BLOOD DONE SIGN MY NAME by Timothy Tyson is a classic portrait of an unforgettable time and place.
"Daddy and Roger and ’em shot ’em a nigger." Those words, whispered to ten-year-old Tim Tyson by a playmate, heralded a ?restorm that would forever transform the tobacco market town of Oxford, North Carolina.
On May 11, 1970, Henry Marrow, a twenty-three-year-old black veteran, walked into a crossroads store owned by Robert Teel and came out running. Teel and two of his sons chased and beat Marrow, then killed him in public as he pleaded for his life.
Like many small Southern towns, Oxford had barely been touched by the civil rights movement. But in the wake of the killing, young African Americans took to the streets. While lawyers battled in the courthouse, the Klan raged in the shadows and black Vietnam veterans torched the town’s tobacco warehouses.The author portrays the killing and its aftermath from multiple perspectives, including that of his contemporary, 10-year-old self; his progressive Methodist pastor father, who strove to lead his parishioners to overcome their prejudices; members of the disempowered black community; one of the killers; and his older self, who comes to Oxford with a historian's eye.
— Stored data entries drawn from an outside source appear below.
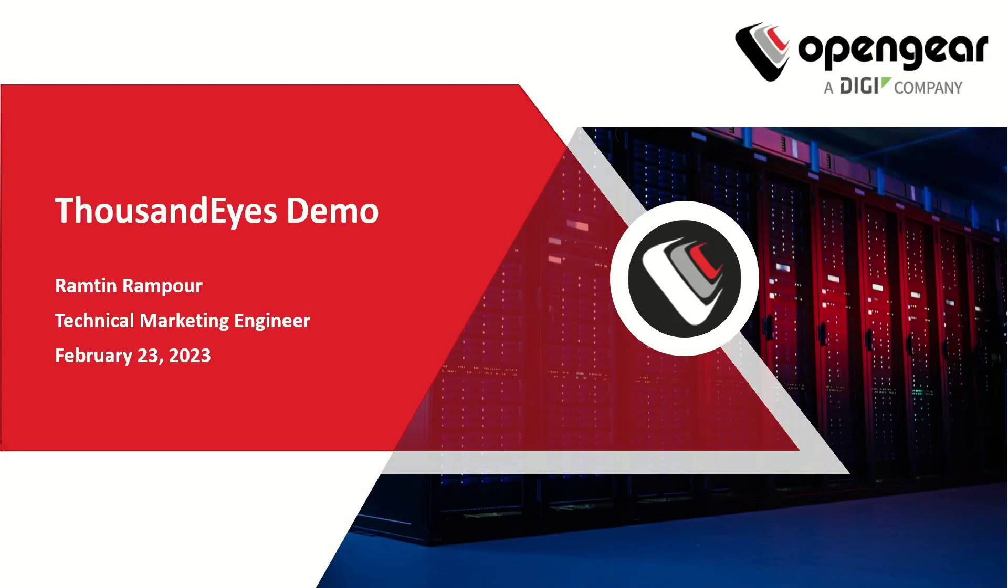My name is Ramthir Rampoor, and today we're going to go ahead and do a quick demonstration of the ThousandEyes deployment Docker container inside the OpenGear appliances.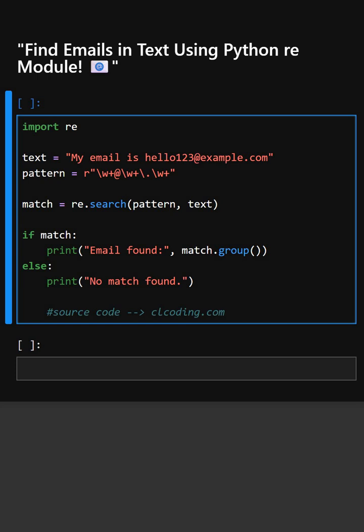It helps you search patterns in text which is super useful in data cleaning, validation and automation. Let's understand this code line by line.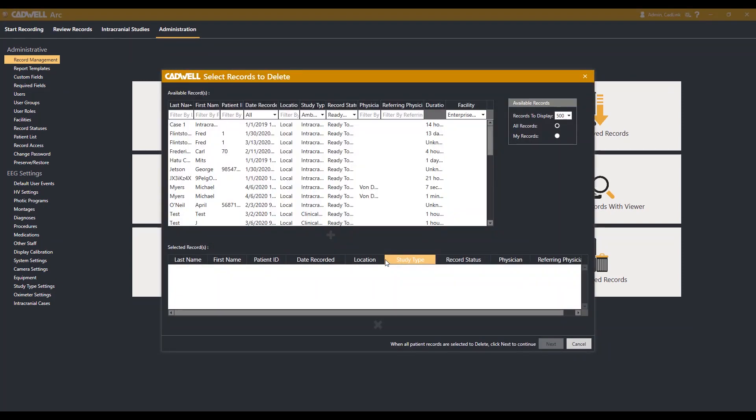This will open a window showing you all of the patient studies available to delete. Find the records you would like to delete and hit the green plus for each record you would like removed.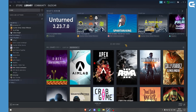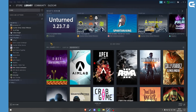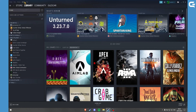Hello, today I'll be showing you how to activate a Steam key. Maybe you bought a game from a different website that is not Steam and you want to activate it. Just copy it and then go to Steam, Games, and activate a product on Steam.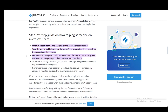Hey everybody, what is going on — I hope you guys are all doing well and welcome to another tutorial video. In this video I'll be explaining how you can ping somebody on Microsoft Teams. So let's get right into it. Once you're in Microsoft Teams, you just have to open up the application and navigate to your desired chat or channel.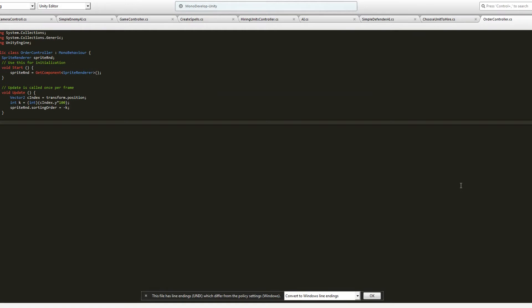And don't forget to invert the resulting number, because you want sprites that are lower to cover sprites that are above them.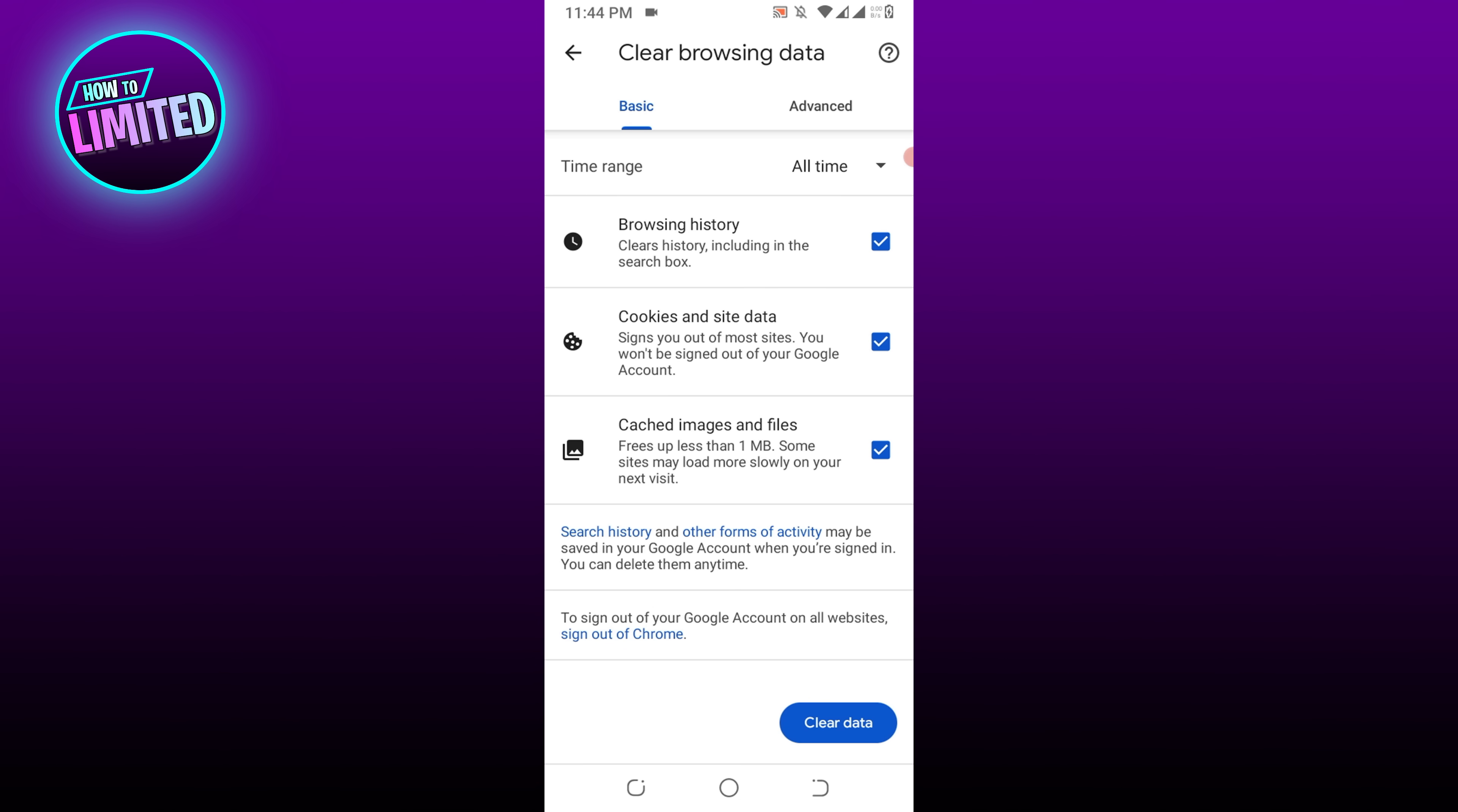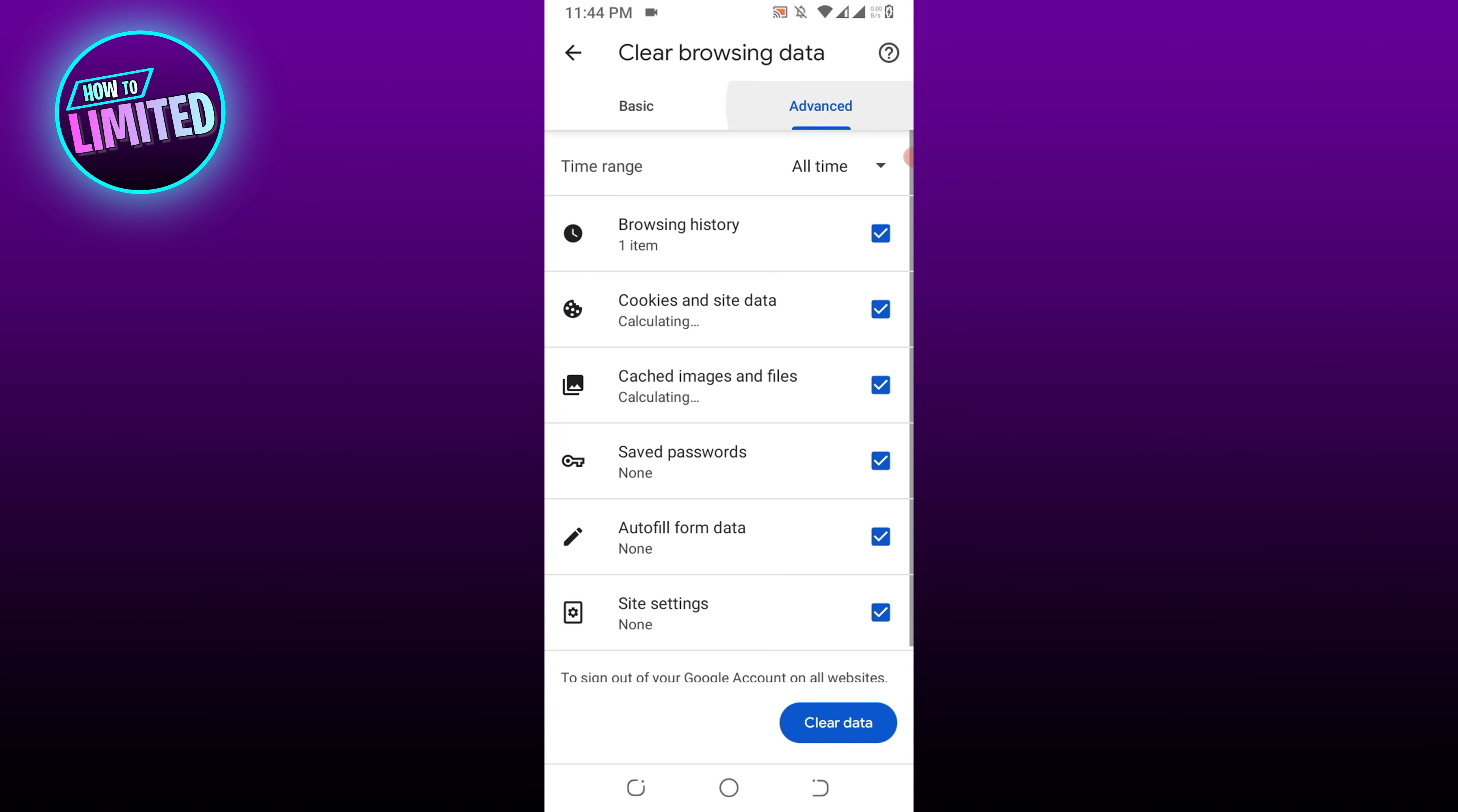Tick the boxes under the Basic tab to clear your browser's cache and cookies or navigate to the Advanced tab for more options. From the Time Range drop-down menu, select All Time.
Timothy Tyson is currently a professor of Afro-American studies at the University of Wisconsin–Madison. "Blood Done Sign My Name" was selected by dozens of college and community reading programs, including those at the University of North Carolina, Villanova University, the University of Iowa, Guilford College, the University of North Carolina-Asheville, and Greensboro College, and also "One Book, One Community" reading programs in Wilmington, Rocky Mount, Wake County, and other North Carolina communities.